Восстание поднялось одновременно во множестве городов, от севера до юга.
Будто одна исполинская рука разом рванула за тысячеверстную веревку, привязанную к чугунным, тяжким и давно уже закоснелым языкам медногорлых вечевых колоколов. В один день ударил вечевой колокол и на Устюге Великом, и в Угличе, и в Ростове, и в Суздале, и в Ярославле, и в Переславле, и во Владимире, и в Рязани, и в Муроме, и в Нижнем Новгороде.
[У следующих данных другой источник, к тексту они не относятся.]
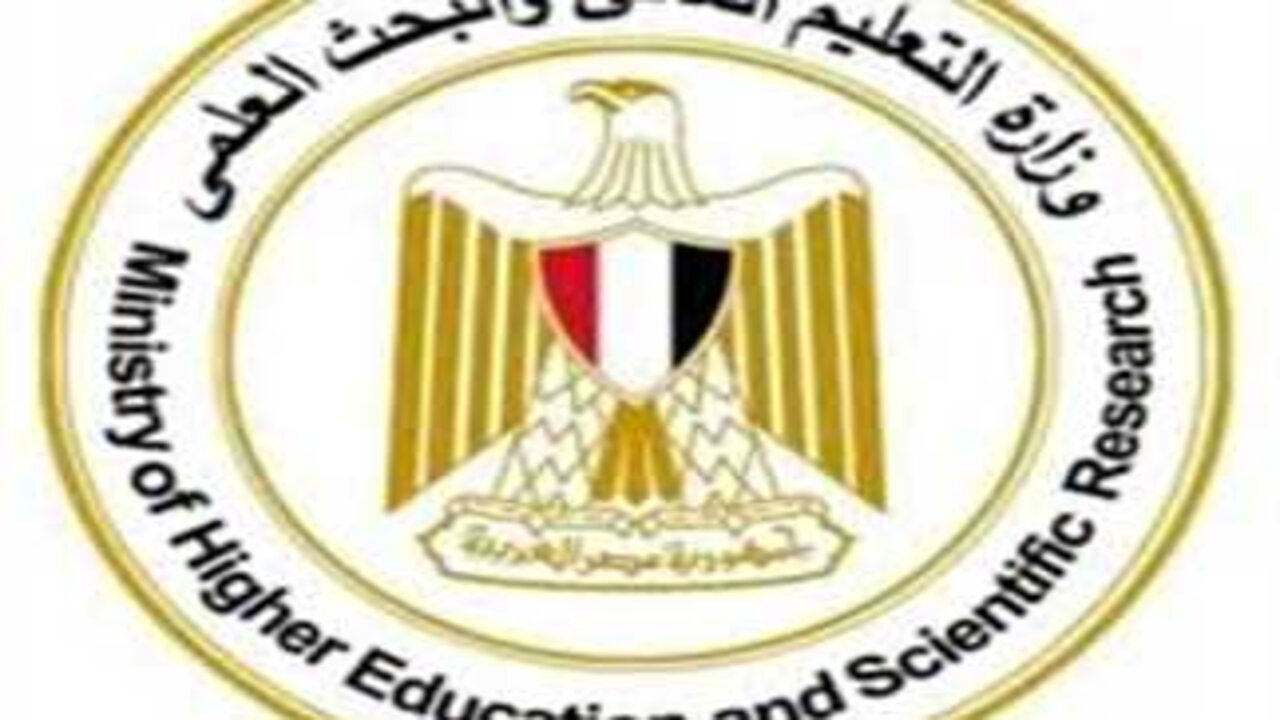 الكليات المتاحة في المرحلة الثالثة علمي 2024 وكيفية التسجيل عبر موقع التنسيق الإلكتروني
И горожане, и пригородные землеробы дружно потекли на давно уже забвенное вече, и — все вооруженные кто чего добыл, припрятал, а многие и в доспехах!
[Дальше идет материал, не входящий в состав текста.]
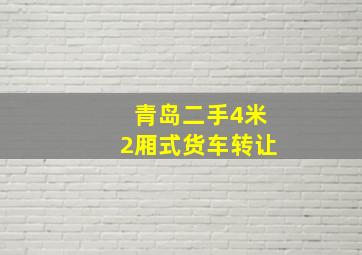 青岛二手4米2厢式货车转让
Городские власти кой-где будто бы попытались оказать сопротивление самочинному вечу. Это заранее предусмотрено было Александром, входило в его расчет. Но одним только дыхом своим народное движение сдунуло все противящиеся ему власти, подобно тому как ветер отвеивает мякину из золотого потока полновесного зерна, которое перелопачивает на бугре крестьянин.
Народ дорвался до татар!..
Захваченные врасплох, баскаки ползали в ногах у разъяренных мужиков. Их тут же, на месте, убивали.
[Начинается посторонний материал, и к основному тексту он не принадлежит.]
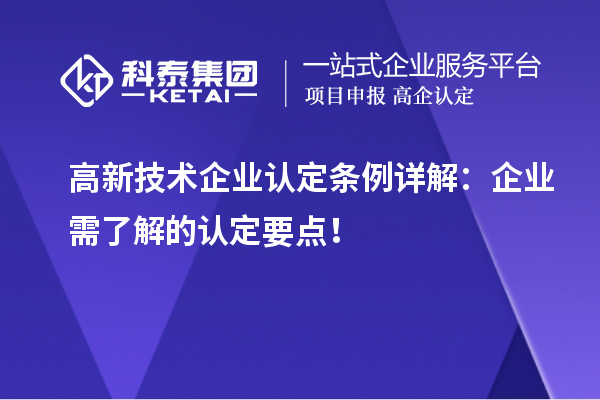高新技術(shù)企業(yè)認定條例詳解：企業(yè)需了解的認定要點！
Карательные татарские отряды, расставленные по городам, были уничтожены.
— Ишь, сыроядцы, кровопивцы, разъелися, что хомяки!.. От крови от нашей рожа треснуть хочет! — кричали смерды и горожане, выволакивая татар на казнь.
— Ишь чего захотел: русский воюй за них!..
— Нет, не пустим робят! Сам за себя пускай хан ваш воюет! Довольно ему, псу проклятому, нашу кровь лакать!.. Нет ему от нас воина!.. Худо, видно, пришлося!.. Бей их, робята, губи!.. Князь велит!.. А что бояре? — не глядите на их! Страшатся богатины пузатые!.. Им простого народа не жалко. Боярского сына татары на войну не погонят: отец богатой, кун много — откупит!.. Стойте крепче! Лучше на своей земле умереть!.. Мы кровь русскую внаймы не отдаем!..
Восстание ширилось… Вместе с татарами были уничтожены и предатели, слуги татарские из числа русских, позарившиеся на баранины кус. В Ярославле, над обрывом Волги, псы долго влачили в пыли обглоданные останки некоего Зосимы, монаха, перешедшего в магометанство и служившего наводчиком для сборщиков податей. Слышно стало, что владимирцы повесили возле моста через Клязьму мостовщика Чернобая и утопили с жерновком на шее коневого лекаря и волшбита Чегодаша…
В столице Золотой орды царило смятенье. Распространился слух, будто Александр решил воспользоваться беззащитностью татарской столицы и захватить ее. Этого же, впрочем, с часу на час ожидали от Александра и потаенные воеводы восстания.
Неожиданно в Ростов Великий прибыло трое полномочных послов из Орды — для встречи и переговоров с Невским. Двое из них были от самого императора, великого хана Хубилая: Китат, ведавший всеми сборами с чужих народов в пользу великоханской казны, и Улавчий, главный баскак Хубилая на Русской Земле. Третьим был князь правой руки — Елдегай, управляющий всей канцелярией хана Берке, перешедшей к нему по наследству от Батыя.
Ордынским послам пришлось несколько дней ожидать Невского. Им сказали, что великий князь, не доехав до Новгорода, повернул обратно и спешит изо всех сил в Низовские земли, ибо чрезвычайный гонец от князя Бориса Ростовского известил его о восстании и о том, что народ избивает татар и откупщиков дани.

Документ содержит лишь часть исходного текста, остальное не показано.